DATASET SECTION:
============

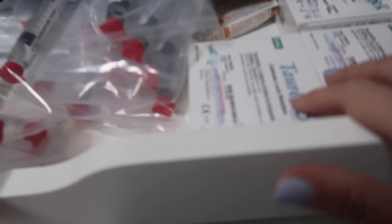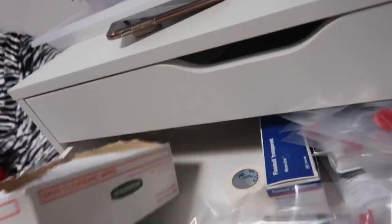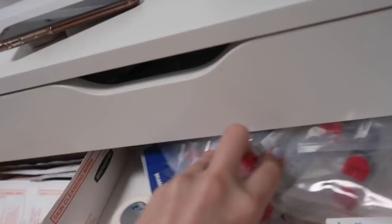So this is what my drawer currently looks like - we have a bunch of Taurolock here that can be drawn up by hand, but these syringes are already measured out to the amount I need. So I'm just going to pop this in there. The next thing which also goes in the same drawer as the Taurolock is my Tegaderm. This normally sits at the front, but I'm just going to move it out of the way and the Tegaderm sits behind that one at the back.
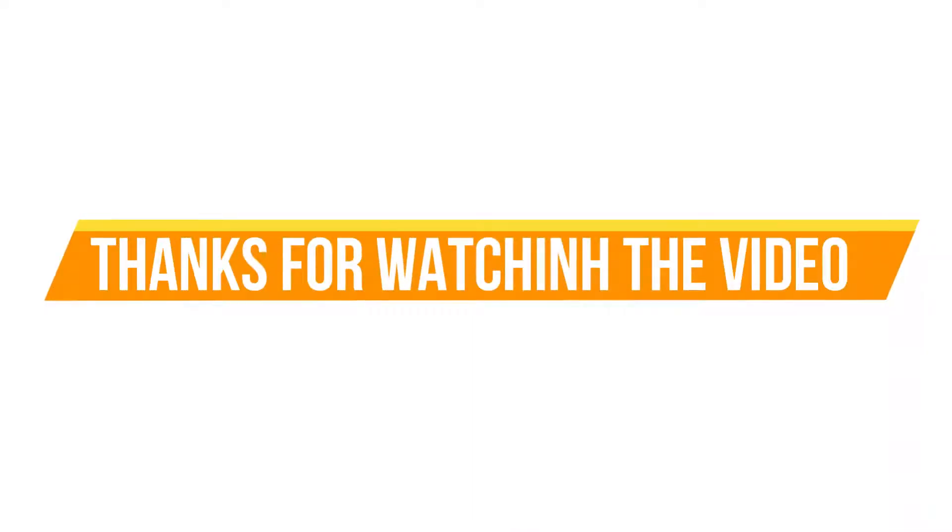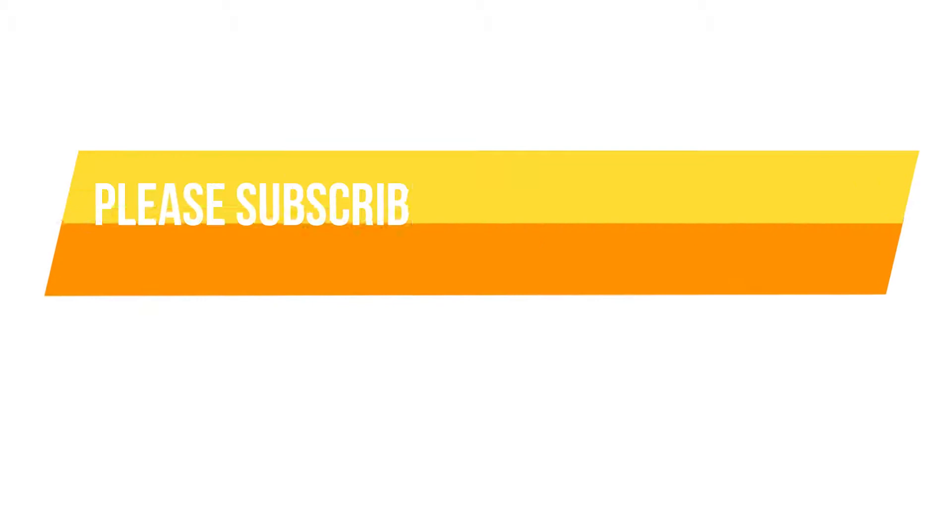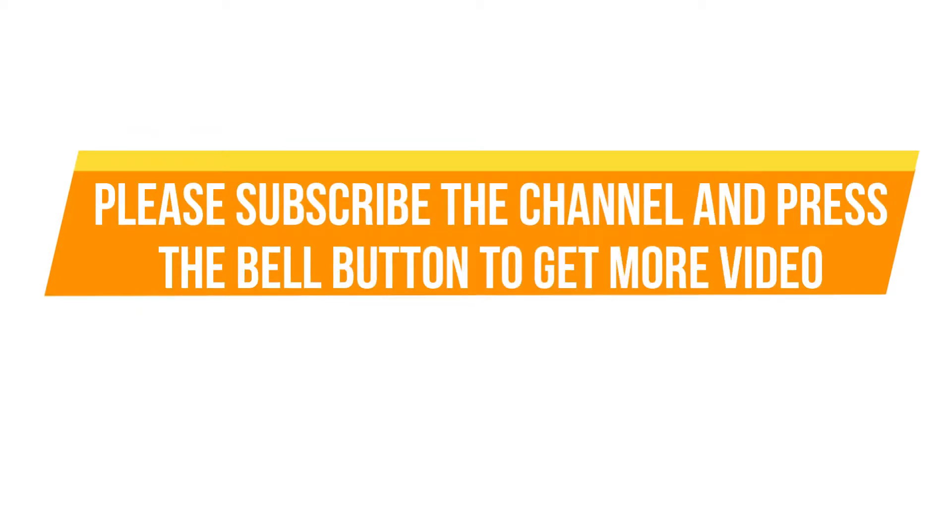Thanks for watching the video. Please subscribe to the channel and press the bell button to get more videos.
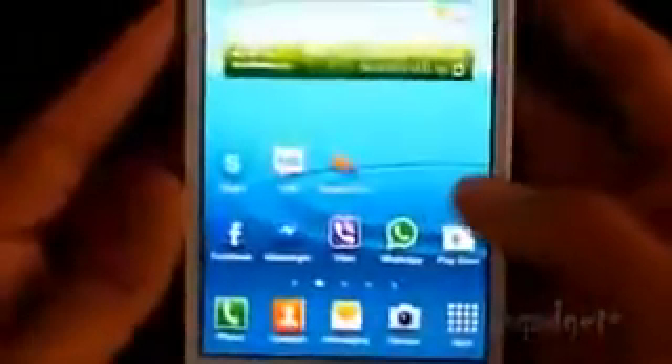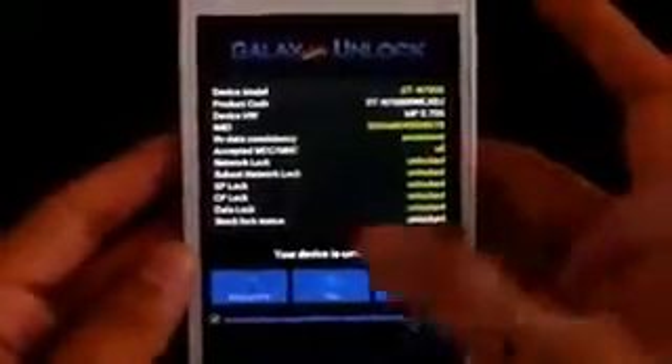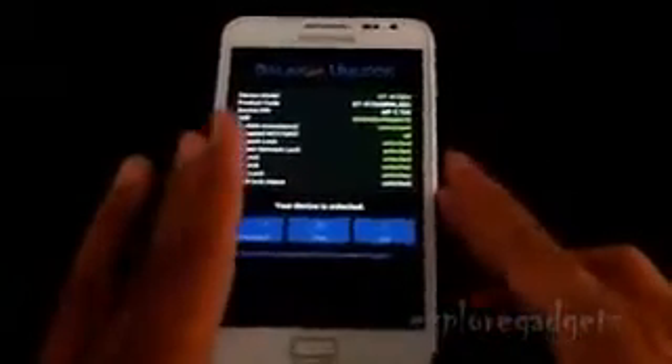Open up this app called Galaxy SIM Unlock. As mine is already unlocked — it's an international version — you can just tap Unlock and this app will automatically unlock your phone. It's as simple as that: just one click and your phone is unlocked.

============

WHAT TO DO: Return the lines from the one that contains "Thanks for watching" through the final line of the listing above, inclusive. Transcribe them exactly and drop the pictures.

TASK SOLUTION:
Thanks for watching the video. Please subscribe to the channel and press the bell button to get more videos.
Open up this app called Galaxy SIM Unlock. As mine is already unlocked — it's an international version — you can just tap Unlock and this app will automatically unlock your phone. It's as simple as that: just one click and your phone is unlocked.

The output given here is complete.